## [About this task]
Below are some records; return each one exactly as written.

Spatial localization data:
***

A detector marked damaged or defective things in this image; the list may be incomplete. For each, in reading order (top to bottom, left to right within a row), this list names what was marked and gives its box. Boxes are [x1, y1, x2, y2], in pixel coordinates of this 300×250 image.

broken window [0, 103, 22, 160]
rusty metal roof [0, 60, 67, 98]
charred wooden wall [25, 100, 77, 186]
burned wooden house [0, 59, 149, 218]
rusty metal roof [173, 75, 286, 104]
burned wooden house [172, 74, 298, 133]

***

## [Exercise solution]
A detector marked damaged or defective things in this image; the list may be incomplete. For each, in reading order (top to bottom, left to right within a row), this list names what was marked and gives its box. Boxes are [x1, y1, x2, y2], in pixel coordinates of this 300×250 image.

broken window [0, 103, 22, 160]
rusty metal roof [0, 60, 67, 98]
charred wooden wall [25, 100, 77, 186]
burned wooden house [0, 59, 149, 218]
rusty metal roof [173, 75, 286, 104]
burned wooden house [172, 74, 298, 133]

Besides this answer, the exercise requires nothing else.